Colman’s call: Benji in, Ben out is a move straight out of Wayne’s 1990s playbook
Mike Colman, The Courier-Mail
THE Broncos might not be in vintage form right now, but their coach sure is.
Wayne Bennett’s stunning
“Hunt out — Marshall in” comment this week was straight out of his 1990s playbook.
The only difference was that he didn’t get Greg Dowling to say it for him.
Benji Marshall a better halfback than Ben Hunt? Please.
Hunt under pressure from Kodi Nikorima? Pull the other one.
Bennett learnt a long time ago that the less he says the more interesting he becomes.
As usual he only needed a few words to get his message across to the desired audience on Wednesday morning.
That being an audience of two.
Bennett is the most experienced coach in the game, but even a greenhorn could tell him that the Broncos need a spark if they are going to make any significant mark on this competition.
He has a good side, but at this stage they are a long way short of the team that came within a couple of minutes of winning the premiership two and a half years ago.
That side had youth and Corey Parker. It also had a halfback who wasn’t guaranteed $6 million and a ticker-tape parade from the Dragons as soon as the season ended.
It’s now history that Ben Hunt was to suffer the worst moment of his rugby league career when the grand final went into golden point extra time.
It’s also history that it took him months to get over that one spilt ball — if he ever has.
He was only just showing glimpses of his 2015 form when he was cruelly injured in round six this year, and after two losses on the trot since his return, Bennett doesn’t have time to nurse him back up again.
Which brings us to this week.
Brian Smith, coach of the Dragons sides that the Broncos beat in two grand finals, famously christened Bennett the “spin doctor”, and with good reason.
The doctored Dragons game plan that Bennett rewrote and distributed to fire up his players for the 1993 grand final is the best known of his sneaky tricks, but there have been plenty more.
He asked Dowling to criticise his forwards as a motivational device before crucial Brisbane and Queensland matches so many times that it started to get boring. It kept working though.

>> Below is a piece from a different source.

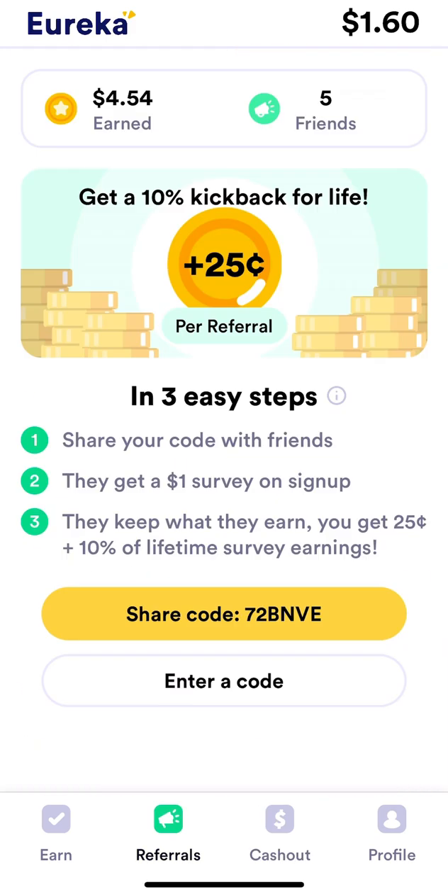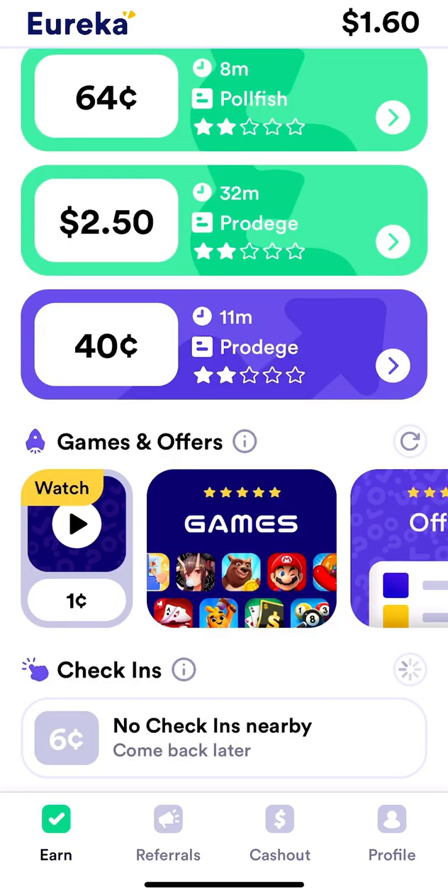There's also a referral program, which is kind of like a pyramid scheme — you get 10% of the earnings from anyone you refer, every time they complete a survey. If you want to use my referral code, it's right down below: 7-2-BNVE.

And the man of few words knows just which ones to use when he wants to put pressure on referees — such as the time he said he feared for the safety of his players after hearing NSW forward Mark O’Meley had been given a “green light” to run amok in an Origin match.
But even for him this week’s effort takes some beating.
How better to put a rocket under the Dragons’ new $6 million man than to say he is in danger of losing his starting spot to the 32 year-old man that the Dragons didn’t want?
And how better to keep Marshall firing on all cylinders than to hint that he could snatch Hunt’s No. 7 jersey at the precise time he is negotiating for a new contract?
Anyone saying that Bennett’s comments have been blown out of proportion or “beaten up” doesn’t know him too well, and even if they are right, as long as they get the desired result he won’t care a bit.
As he said about the infamous edited game plan: “I used a situation in ‘93 — fair enough. I didn’t break any rules. I got an advantage from it. It was legal.”
Which is exactly what Dowling would say — if Benny asked him to.